** Data excerpt **
------------------------------------
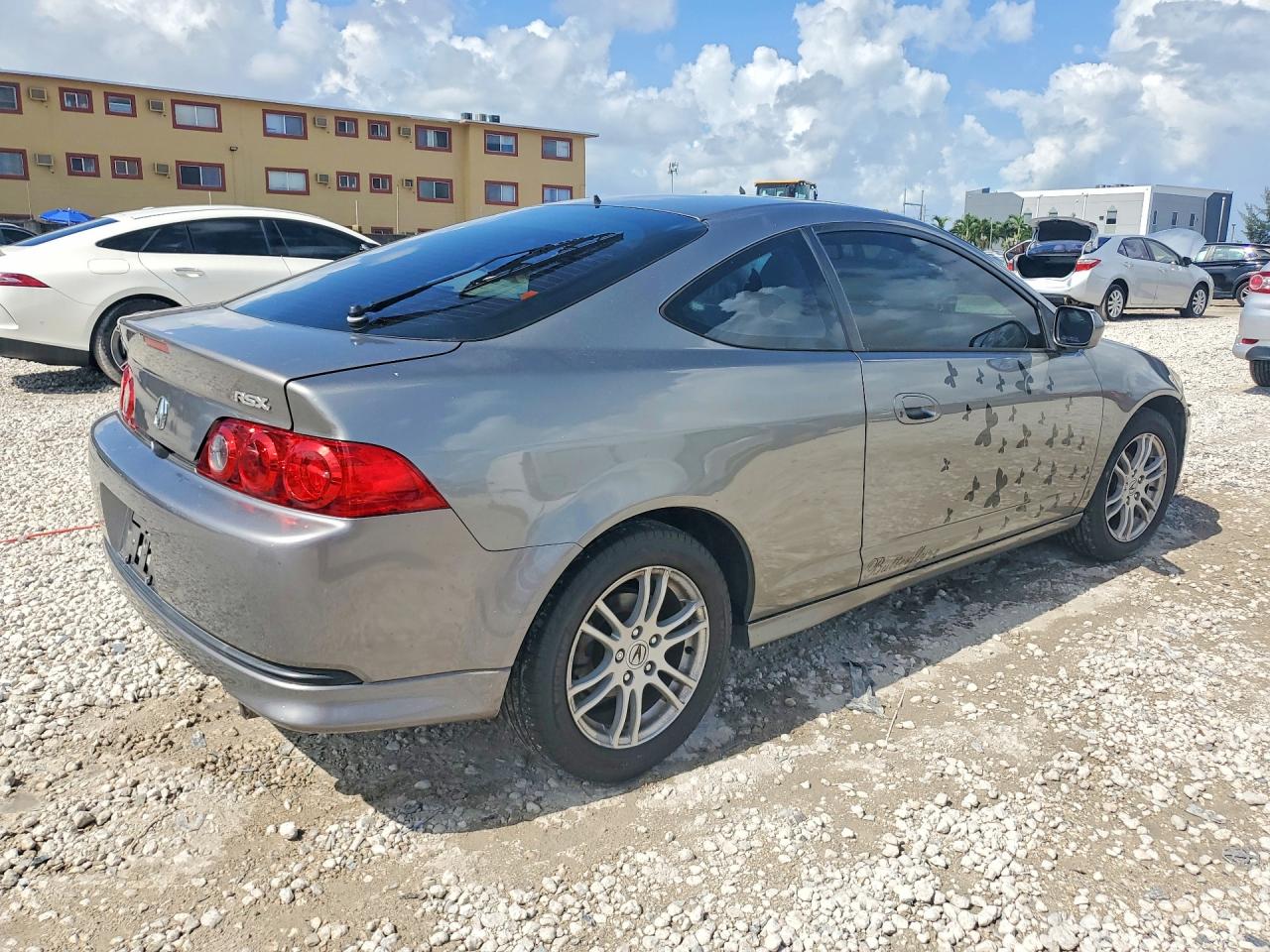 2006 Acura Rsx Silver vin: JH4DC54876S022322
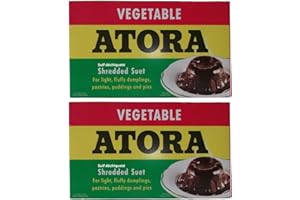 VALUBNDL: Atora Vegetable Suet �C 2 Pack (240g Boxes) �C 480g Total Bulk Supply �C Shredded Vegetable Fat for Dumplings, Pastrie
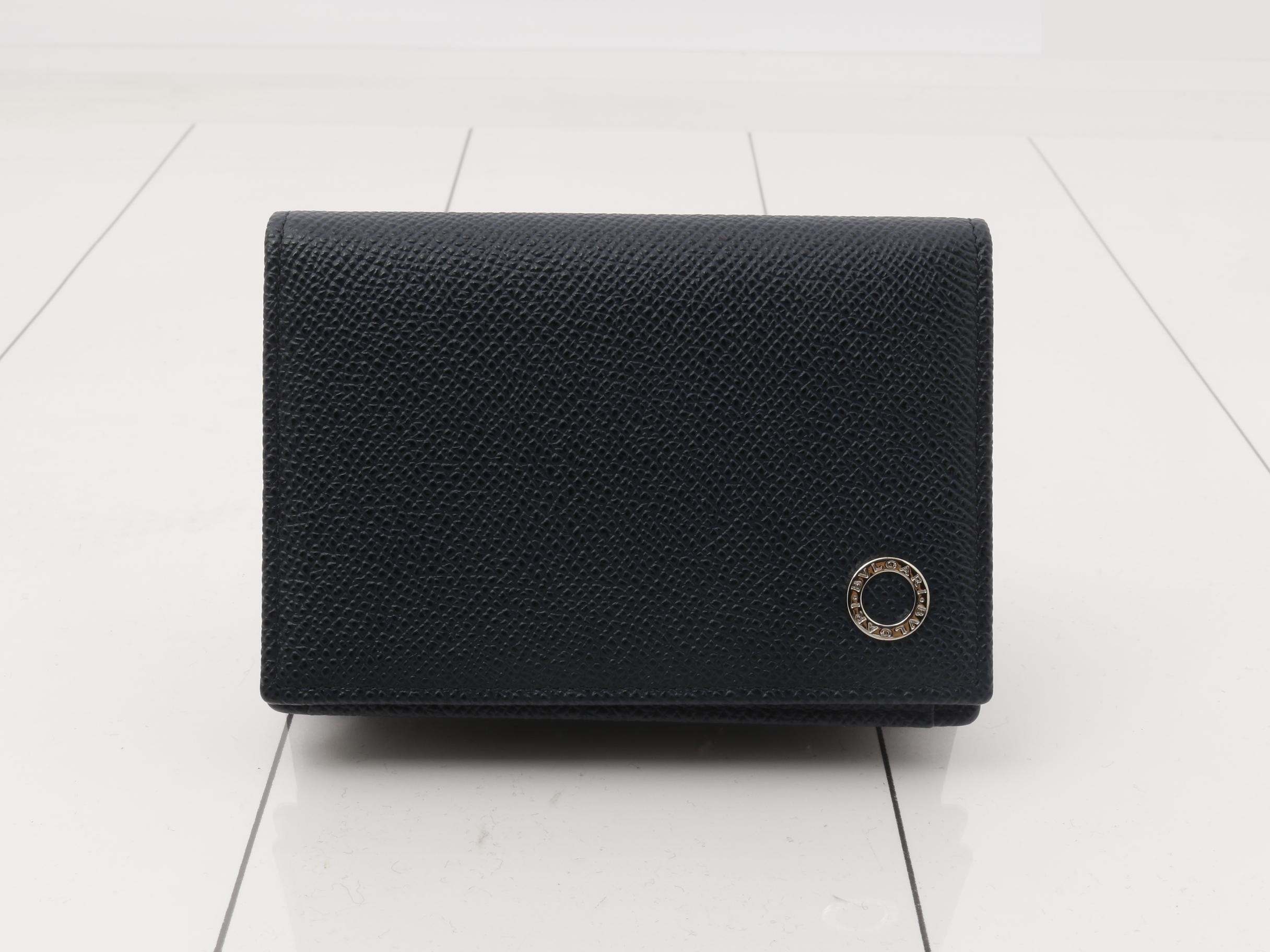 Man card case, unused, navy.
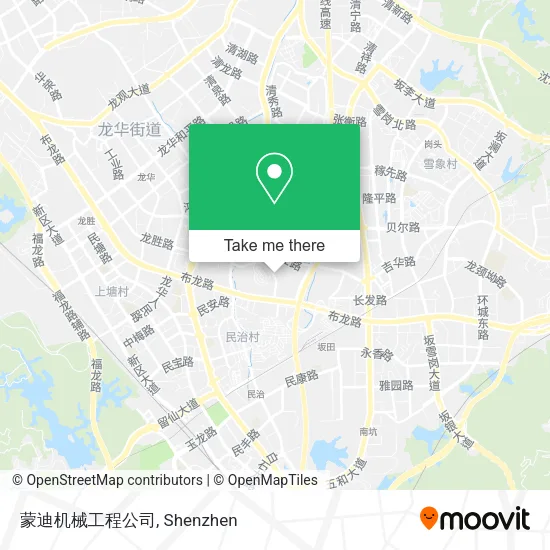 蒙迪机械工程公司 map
------------------------------------
** Problem description **
Whenever a line holds a picture, print that line without the picture. All other data must be output exactly.

** Solved problem **
 2006 Acura Rsx Silver vin: JH4DC54876S022322
 VALUBNDL: Atora Vegetable Suet �C 2 Pack (240g Boxes) �C 480g Total Bulk Supply �C Shredded Vegetable Fat for Dumplings, Pastrie
 Man card case, unused, navy.
 蒙迪机械工程公司 map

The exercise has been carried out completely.